Rabbi clears out prayer notes from Western Wall

Operation is carried out twice a year; notes are buried on Mount of Olives after removal from wall.

By
April 15, 2008 17:16
1 minute read.
western wall 298.88

western wall 224.88. (photo credit: AP)

Poking into crevices between the ancient stones of the Western Wall in the Old City of Jerusalem, a senior rabbi and his helpers on Tuesday removed thousands of handwritten notes placed there by visitors who believe their requests will find a shortcut to God by being deposited at Judaism's holiest site. The operation is carried out twice each year: before the Passover festival which begins this weekend and at the Jewish New Year in the fall. "Millions of people place notes here at the Western Wall with their requests, we take them out in order that more people can place these notes," said the site's rabbi, Shmuel Rabinowitz. "So that these notes are not defiled and don't fall out, we collect then in a seemly and respectful way and bury them on the Mount of Olives," just across a valley from the Old City. Rabinowitz and a squad of helpers coaxed the pieces of paper from the crevices with sticks. The notes fell to the ground and were scooped in handfuls into plastic-lined garbage bins for later transfer to the ancient Jewish cemetery.

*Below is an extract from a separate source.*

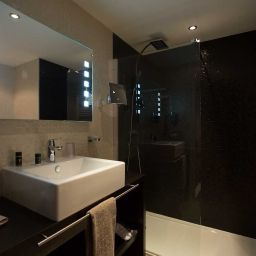 Bathroom Best Western Plus Le Colisée Hotel & Spa Fotos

As Jewish religious practice forbids the destruction of any written material that includes one of the names of God, worn or damaged Torah scrolls, prayer books and other religious articles are buried. "We treat these notes as holy, as something that people wrote to the creator," Rabinowitz said. "We treat them according to Jewish law and inter them along with all holy writings." He said neither he nor his staff read the notes. "It's like a prayer, it's an expression of a person's request from the heart to the Creator," he added. For those unable to reach the wall in person, religious and postal authorities deliver notes that arrive by mail, e-mail or SMS. Postal authorities say letters, some addressed simply to God, come from all corners of the globe, including a few from predominantly Muslim nations like Indonesia. Rabinowitz said the ancient temple, built by King Solomon, was intended as a house of prayer for all nations. "God promised that every prayer uttered here would be heard in heaven, from Jews and gentiles alike," he said.